Elizabeth Rosenberg held senior roles at the U.S. Department of the Treasury from 2009 to 2013, where she helped oversee the tightening of international sanctions on Iran. She is now a Senior Fellow and Director of the Energy, Economics, and Security Program at the Center for a New American Security.

 

The Trump Administration is imposing new sanctions on Iran’s oil exports on November 5. What impact are sanctions likely to have on Iran? How do these sanctions differ from previous U.S. or international sanctions?

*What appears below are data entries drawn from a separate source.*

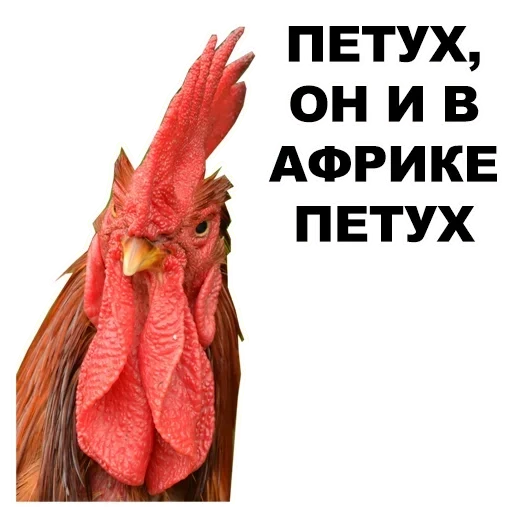 peushar, gallo fas, gallo gallo, pollo un gallo, la testa del gallo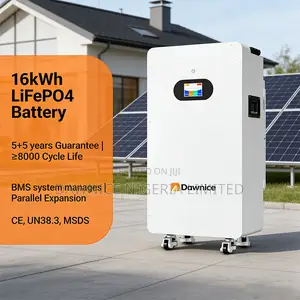 16kwh Dawnice 51.2v 314ah Wall Battery: Premium Home Backup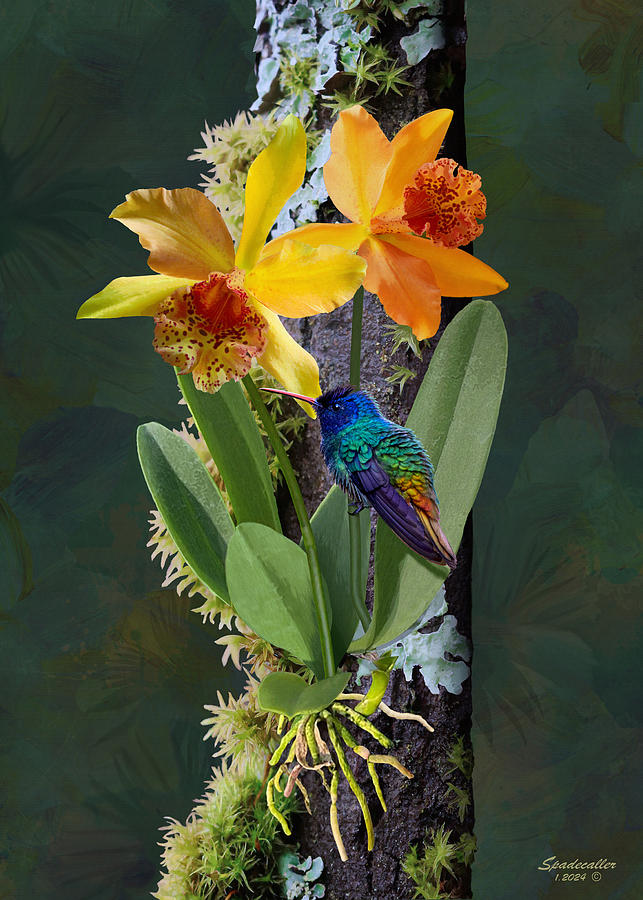 Rainforest Orchid and Hummingbird Digital Art by Spadecaller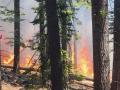 Over 500 firefighters battle wildfire to protect trees in US Yosemite National Park - Hindi News | Over 500 firefighters battle wildfire to protect trees in US Yosemite National Park | Latest politics News at Lokmattimes.com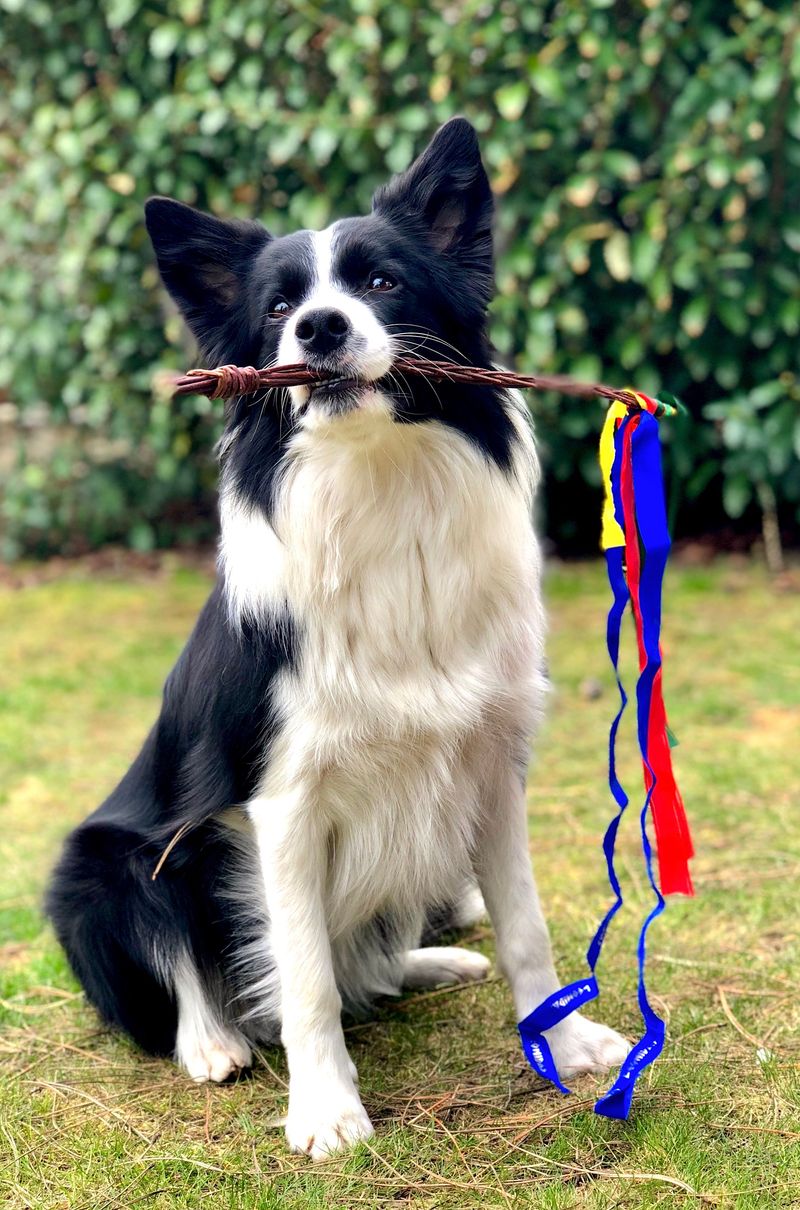 A clear routine often unlocks the very best these dog breeds have to offer 9 Border Collie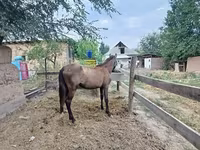 Égua, French Trotter — foto 2
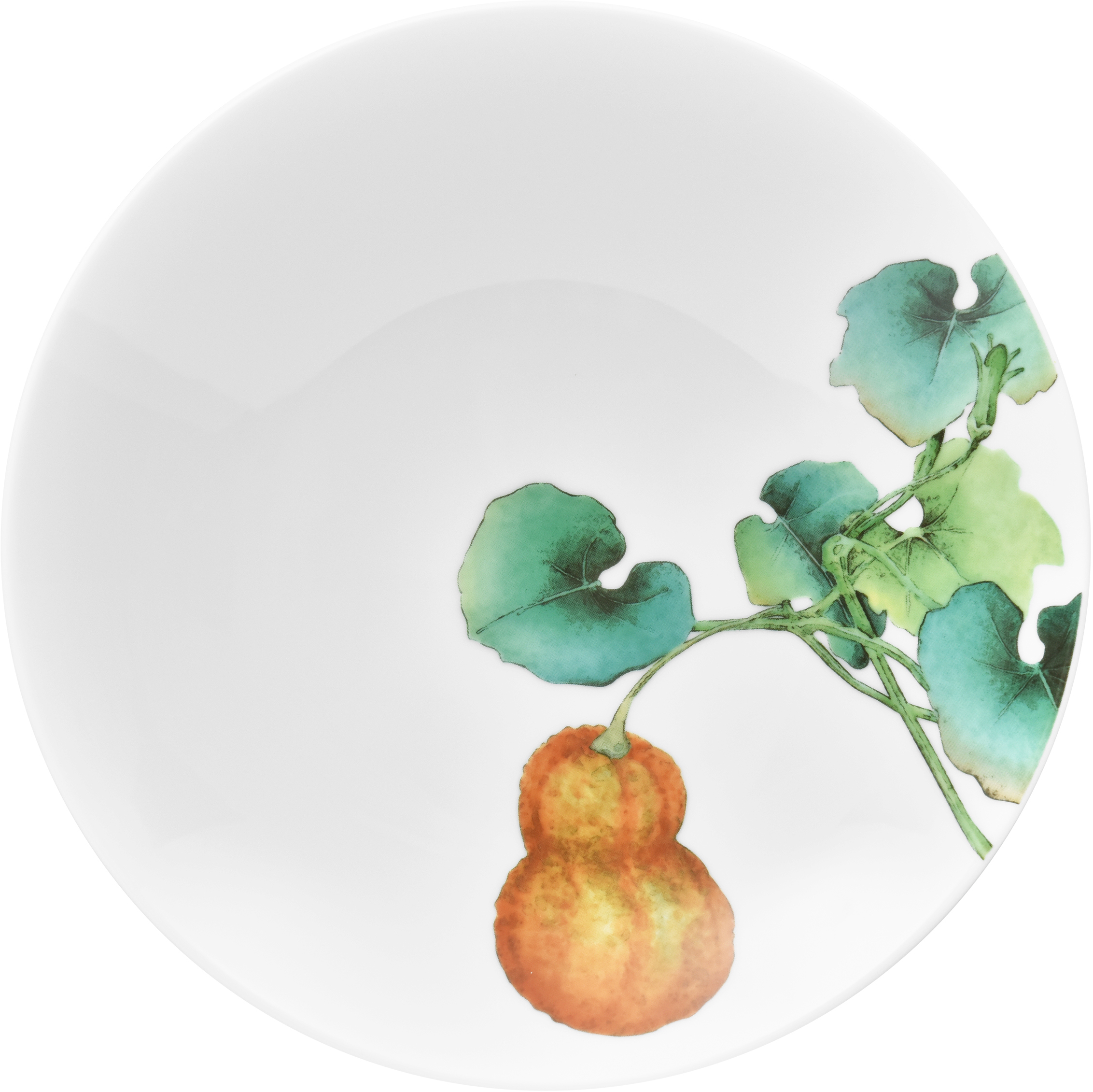 1620/6L Squash- 91802/ Deep Coupe Plate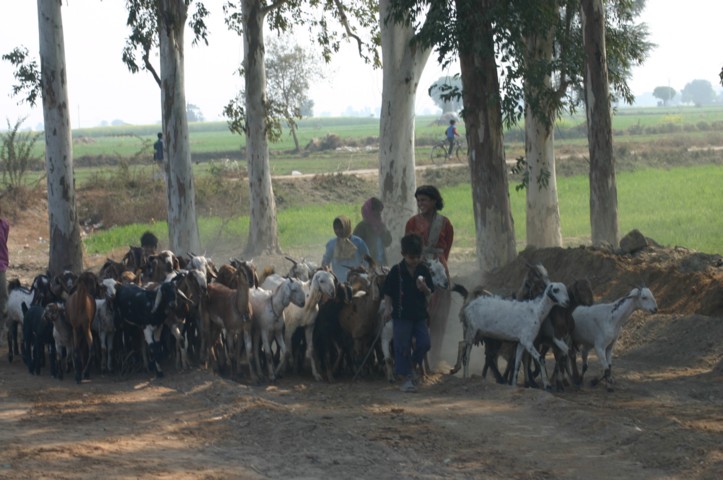 A herd of goats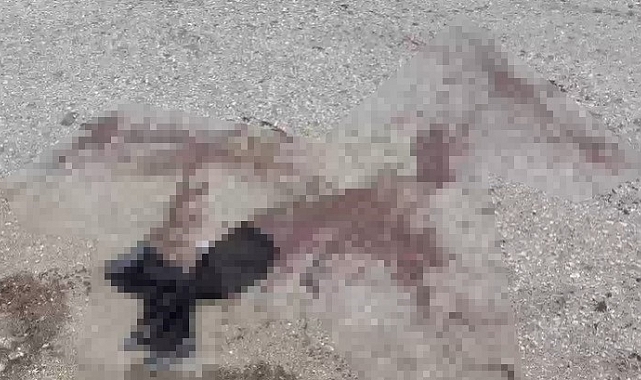 Komşu iki esnaf sopalar ile birbirine girdi: 7 yaralı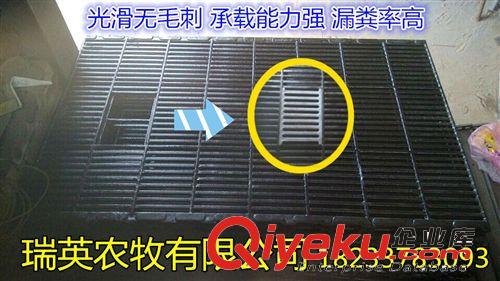 仔豬保育床 小豬保育床  廠家直銷  質量保證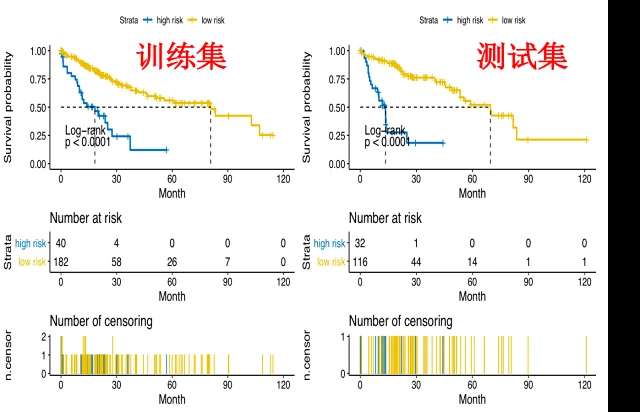 随机生存森林(RSF)筛选优化预后预测模型小白代码YB06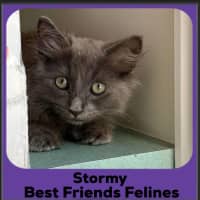 Photo of Stormy 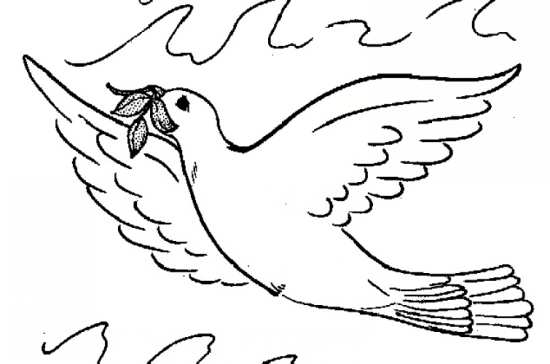نقاشی کودکانه کبوتر 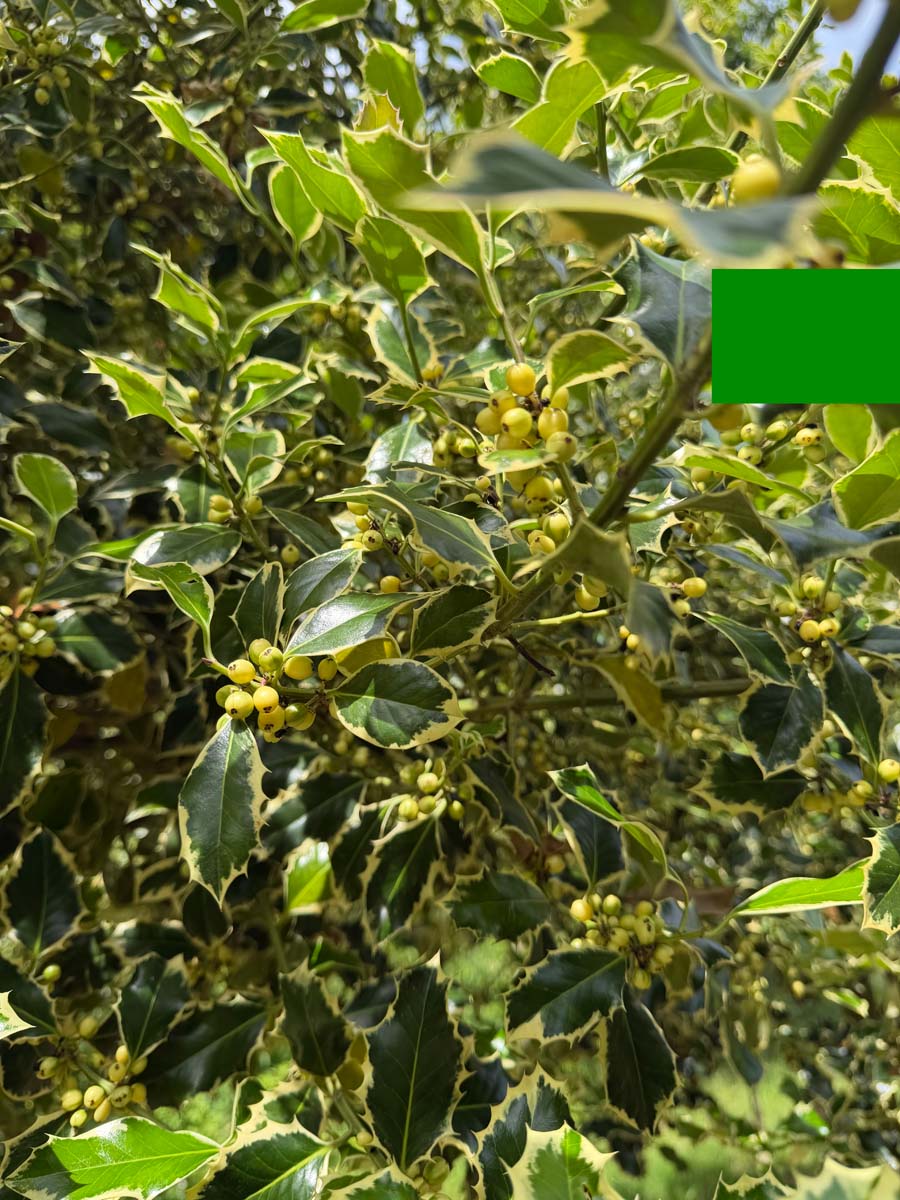Ilex aquifolium 'Argentea Marginata' op stam bladeren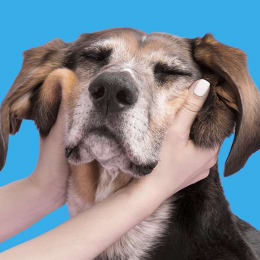 BarkBox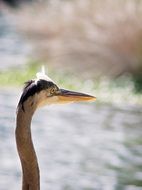 bird near the water close up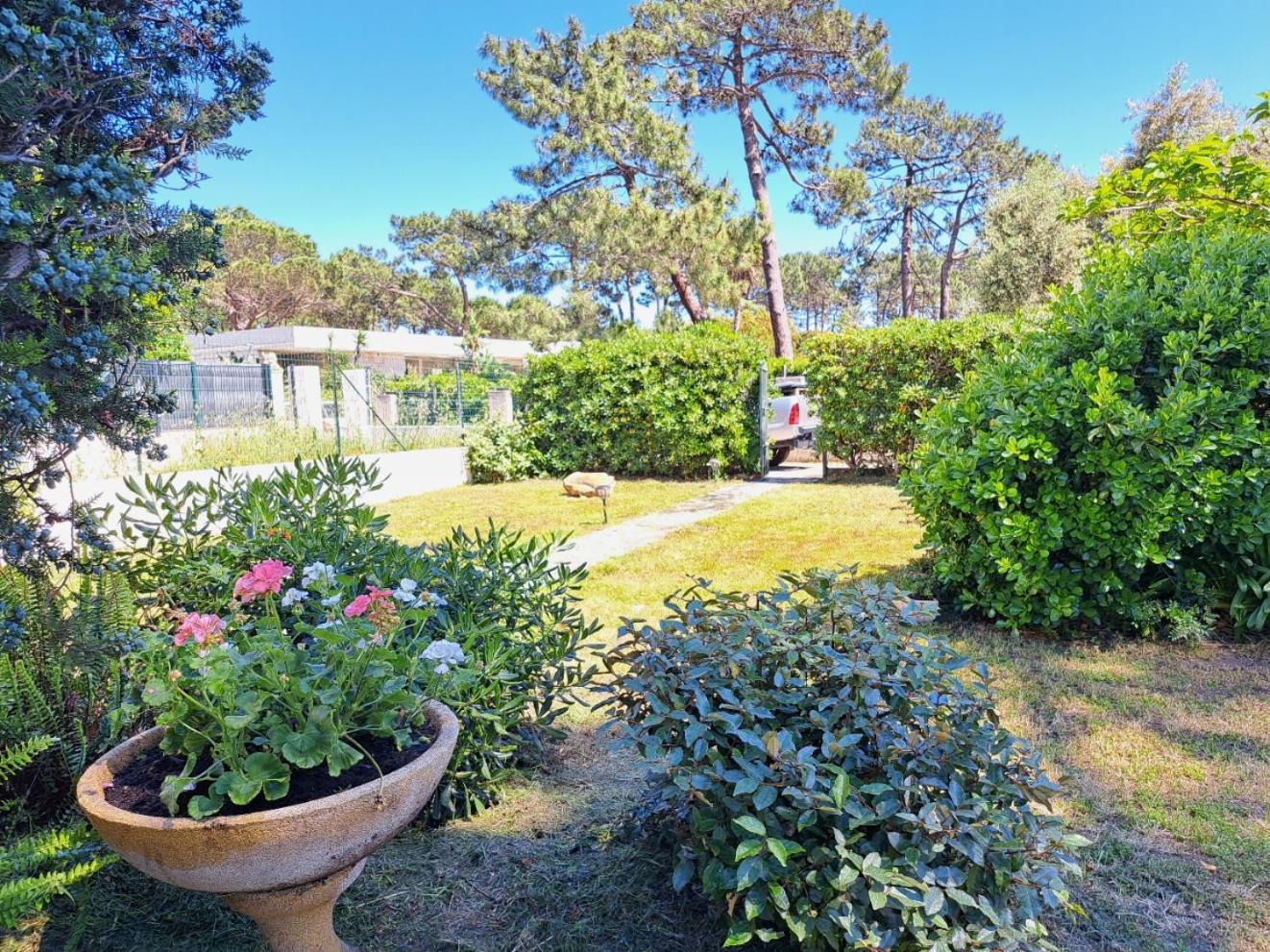Vakantiehuis Mini Jardin 50 M *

The United States will reimpose scores of sanctions on Iran that it lifted in January 2016 under the terms of the Joint Comprehensive Plan of Action (JCPOA), the Iranian nuclear deal. The targets of the upcoming sanctions will be banks, including Iran’s Central Bank, the Iranian oil company, and many other significant economic actors in Iran. This set of measures follows a set of sanctions that the United States reimposed in August. Both the August measures and the November ones are the direct result of President Donald Trump’s May announcement that the United States would withdraw from the JCPOA. At that time and subsequently the U.S. administration has made clear that it will roll out a campaign of intensive economic pressure on Iran—one that goes far beyond merely the reimposition of the August and November tranches of sanctions. The goal of this pressure campaign, according to U.S. officials, is generating enough leverage to kick-start a fresh diplomatic process with Iran covering nuclear and regional issues.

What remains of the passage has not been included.